1. Epoxy resin system comprising at least one inorganic filler which has an upper grain size of at most 30 μm, which is an oxide or nitride of a metal or a semimetal,at least one cycloaliphatic epoxy resin,polyvinyl butyrate,at least one cationic accelerator,

2. Epoxy resin system according to claim 1, wherein the polyvinyl butyrate comprises an average molecular weight of from 10000 g/mol to 80000 g/mol.

3. Epoxy resin system according claim 1, wherein the inorganic filler has a specific surface area of at least 2 g/m2 and at most 20 g/m2, a grain size value of at most 20 μm and an upper grain size of at most 30 μm.

4. Epoxy resin system according to claim 1, wherein the inorganic filler is selected from a group comprising silicon dioxide, titanium dioxide, aluminium oxide and zirconium oxide.

5. Epoxy resin system according to claim 1, which is free of anhydrides, free of silicones and/or free of siloxanes.

6. Epoxy resin system according to claim 1, which has a chlorine content of less than 100 ppm.

7. Epoxy resin system according to claim 1, wherein the inorganic filler has a content of between 50% by weight inclusive and 85% by weight inclusive, based on the total weight of the epoxy resin system.

8. Epoxy resin system according to claim 1, wherein the cycloaliphatic epoxy resin has a content of between 3% by weight inclusive and 50% by weight inclusive, based on the total weight of the epoxy resin system.

9. Epoxy resin system according to claim 1, wherein the polyvinyl butyrate has a content of between 0.1% by weight inclusive and 10% by weight inclusive, and the cationic accelerator has a content of between 0.1% by weight inclusive and 3% by weight inclusive, based in each case on the total weight of the epoxy resin system.

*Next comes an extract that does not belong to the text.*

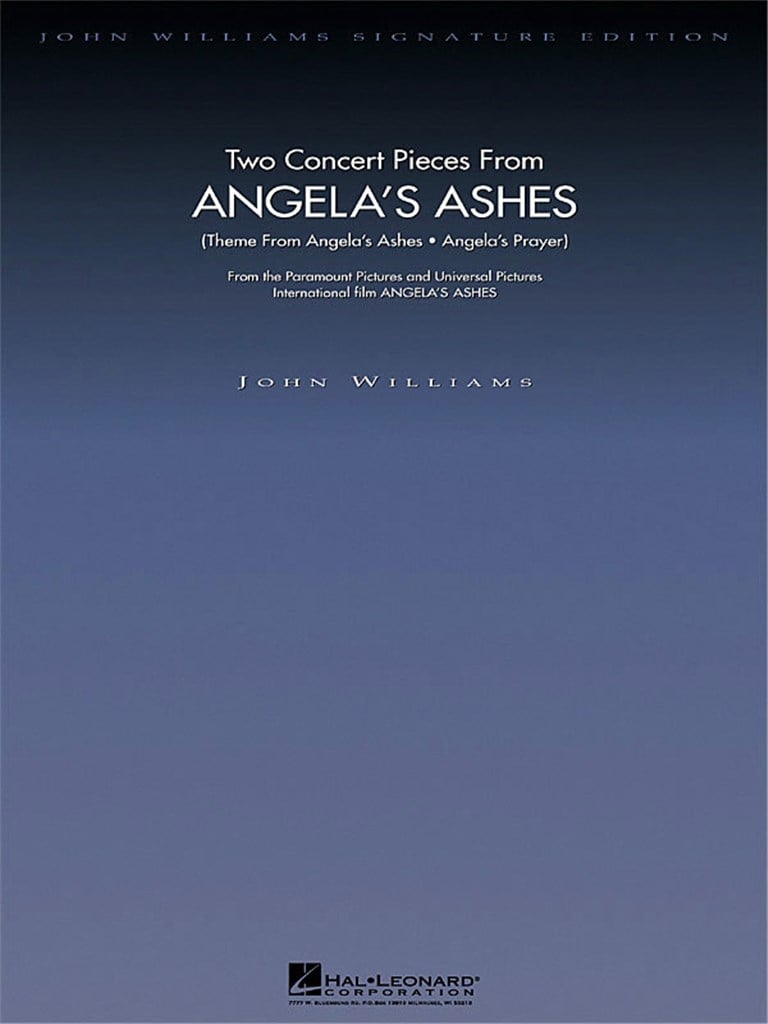 Two concert pieces from Angela's Ashes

10. Epoxy resin system according to claim 1, which additionally comprises an alcohol and further epoxy resins, the content of the alcohol being between 0.1% by weight inclusive and 3% by weight inclusive, based on the total weight of the epoxy resin system.

11. Epoxy resin system according to claim 1, wherein the cationic accelerator is a thiolanium salt.

12. Epoxy resin system according to claim 1, which is storage stable at a temperature between 4° C. and 10° C.

13. Use of an epoxy resin system according to claim 1 for an optoelectronic device selected from the group consisting of a light emitting diode, a photodiode, a phototransistor, a photo-array, an optical coupler, an SMD device and an SMD-capable device.

14. Optoelectronic device comprising an epoxy resin system according to claim 1, wherein the epoxy, a reflection element, a casting, a conversion element and/or a substrate.

15. A process for producing an epoxy resin system according to claim 1 comprising the process steps: A) providing a cycloaliphatic epoxy resin,B) adding of polybutyl butyrate at a temperature between 50° C. and 80° C.,C) adding a cationic accelerator at a maximum temperature of 45° C. to produce a matrix,D) mixing the matrix produced according to step C) with at least one inorganic filler which is an oxide or nitride of a metal or semimetal, andE) curing the mixture produced according to step D) at a temperature between 120° C. and 190° C.